New Concept English Practice And Progress Audio 21 Rhenicol [exclusive] (2024-2026)

How to get a public key registered with a key server

Prerequisites

Export your public key

gpg --export --armor john@example.com > john_doe.pub

-----BEGIN PGP PUBLIC KEY BLOCK-----
mQGiBEm7B54RBADhXaYmvUdBoyt5wAi......=vEm7B54RBADh9dmP
-----END PGP PUBLIC KEY BLOCK-----
        

About the arguments:

Using the repetition drill section of the audio, pause after each line. Write down exactly what you heard. Compare it to the transcript of Lesson 21. Circle every mistake (e.g., hearing "he is" instead of "he's").

Lesson 21, which we will focus on, is famously titled "Mad or Not?" (or similar variations depending on the edition). This lesson deals with the dramatic use of the passive voice and relative clauses—concepts that stump intermediate learners worldwide.

Without the audio, students read that as "He does believe" (weak, contracted). With the audio, they learn emphasis. This is the difference between robotic English and charismatic English.

Alternate way to submit your public key to the key servers using the CLI

gpg --keyid-format LONG --list-keys john@example.com
pub   rsa4096/ABCDEF0123456789 2018-01-01 [SCEA] [expires: 2021-01-01]
      ABCDEF0123456789ABCDEF0123456789
uid              [ ultimate ] John Doe <john@example.com>
            

This shows the 16-byte Key-ID right after the key-type and key-size. In this example it's the highlighted part of this line:

pub rsa4096/ABCDEF0123456789 2018-01-01 [SCEA] [expires: 2021-01-01] New Concept English Practice And Progress Audio 21 rhenicol

The next step is to use this Key-ID to send it to the keyserver, in our case the MIT one. Using the repetition drill section of the audio,

gpg --keyserver keyserver.ubuntu.com --send-keys ABCDEF0123456789

Congratulations, you published your public key.

Please allow a couple of minutes for the servers to replicate that information before starting to use the key. which we will focus on

New Concept English Practice And Progress Audio 21 Rhenicol [exclusive] (2024-2026)

Using the repetition drill section of the audio, pause after each line. Write down exactly what you heard. Compare it to the transcript of Lesson 21. Circle every mistake (e.g., hearing "he is" instead of "he's").

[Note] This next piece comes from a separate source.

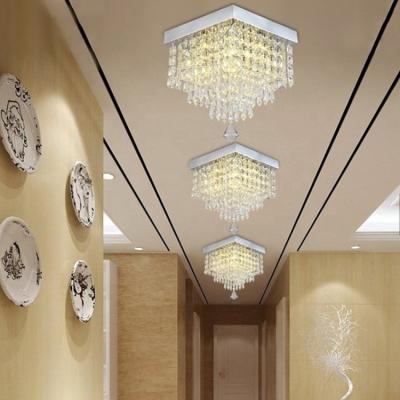 China Hot-selling L4u Lazada Ebay 250mm Luxury Crystal Acrylic Ceiling Chandelier Lamp for Dining Room Hallway Foyer for sale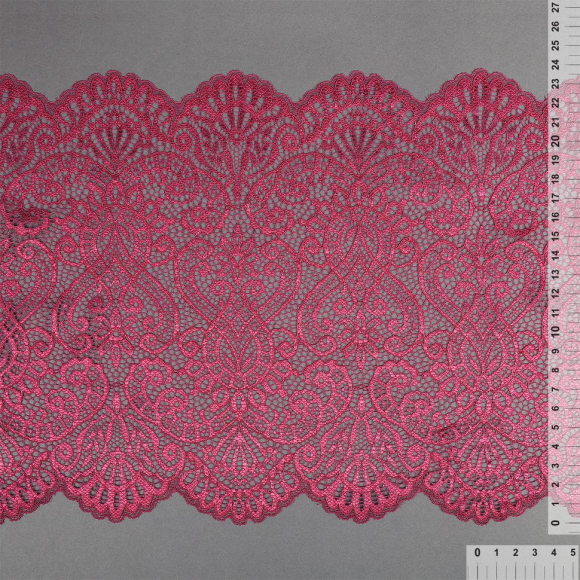 Кружево-стрейч KRUZHEVO арт.TBY.40992 шир.225мм цв.2925 розовый рубин уп.25м Кружево-стрейч KRUZHEVO арт.TBY.40992 шир.225мм цв.2925 розовый рубин уп.25м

Lesson 21, which we will focus on, is famously titled "Mad or Not?" (or similar variations depending on the edition). This lesson deals with the dramatic use of the passive voice and relative clauses—concepts that stump intermediate learners worldwide.

Without the audio, students read that as "He does believe" (weak, contracted). With the audio, they learn emphasis. This is the difference between robotic English and charismatic English.